Sebbene a livello conscio non mi ponga il problema del senso, leggendo queste righe, mi rendo conto che esso opera inevitabilmente nell’identificazione. L’opposizione ai fatti per quello che sono, nasconde proprio la ricerca di un senso o meglio un desiderio di fuga dal vuoto del non senso. Persino il tentativo di lettura della realtà in senso esistenziale può celare questo bisogno, il bisogno di interpretare ciò che ci accade, il bisogno di dare un senso ad accadimenti che l’identità rifiuta perché sentiti come minaccia alla propria sopravvivenza. La lettura dei simboli è un’operazione indispensabile nel cammino, che apre alla fiducia, ma credo che anch’essa in fondo ci riporti alla centralità di noi stessi. Accogliere il fatto significa accogliere il vuoto, vuoto di emozioni, vuoto di pensieri, vuoto di eccitazione… vuoto di sé.
Sento che sto facendo un passaggio, come altre volte certo, ma ora il bisogno del silenzio, del non fare, di stare su quel che c’è, è maggiore. C’è noia a volte, il pensiero di sprecare del tempo, ma non ho né forze, né voglia di tornare alle precedenti modalità.
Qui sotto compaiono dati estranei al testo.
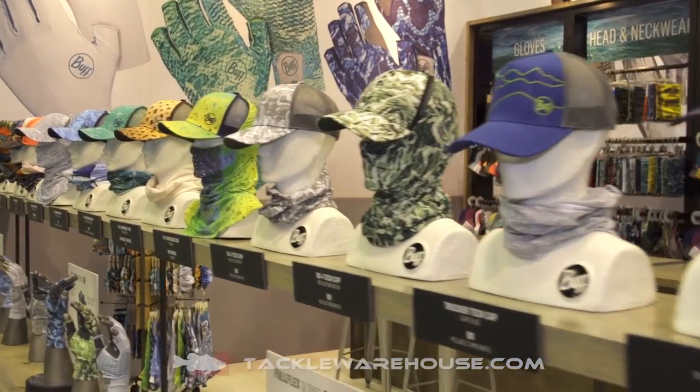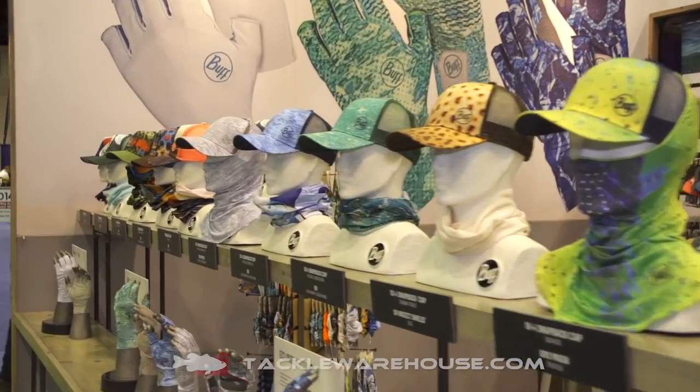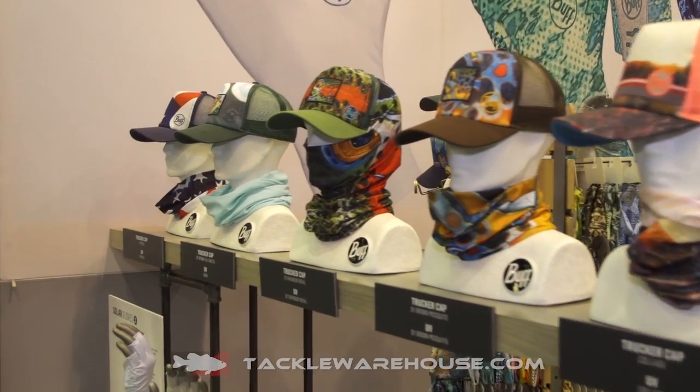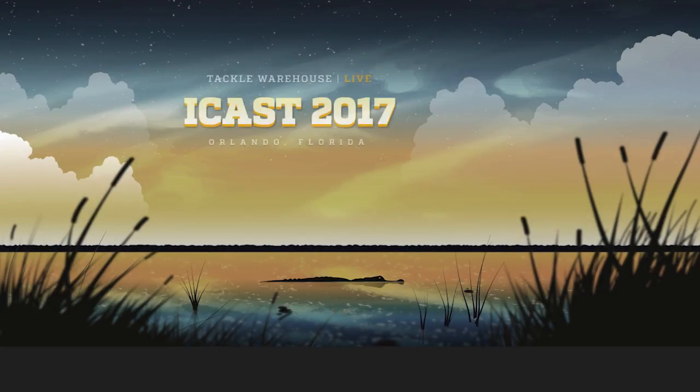They come both in snapback design and there's a fitted cap as well — our 10-4 tech cap. You can mix and match these with Buff products, arm sleeves, and gloves, and you can find any flavor that fits your style. You can find them at Tackle Warehouse in spring 2018.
La fiducia mi sostiene.
Nulla da aggiungere a verità che sento vive e tangibili se non da evidenziare parole fondamentali: “L’Essere è la nostra natura, dire che è un dono non significa niente: non può essere un dono quello che sono; quello che sono è un fatto, un’evidenza che è sempre lì; se non posso fruirla, se non sono Quello è perché qualcosa vela quella natura, qualcosa che si crea in me e a cui aderisco.”
Sono nella stagione in cui mi sento straniera ” a me stessa e alla vita”. Commentando un post del Cerchio Ifior, dicevo che mi sembra di essere tornata un minerale, senza domande, senza aspettative, con una capacità di elaborazione diventata pressocchè nulla, se non fosse per i post che mi “costringono” a leggere e chiariscono, per fortuna, questo stare. Non mi interessa sapere quale sarà l’approdo perchè ho verificato infinite volte che la Coscienza ci sorregge.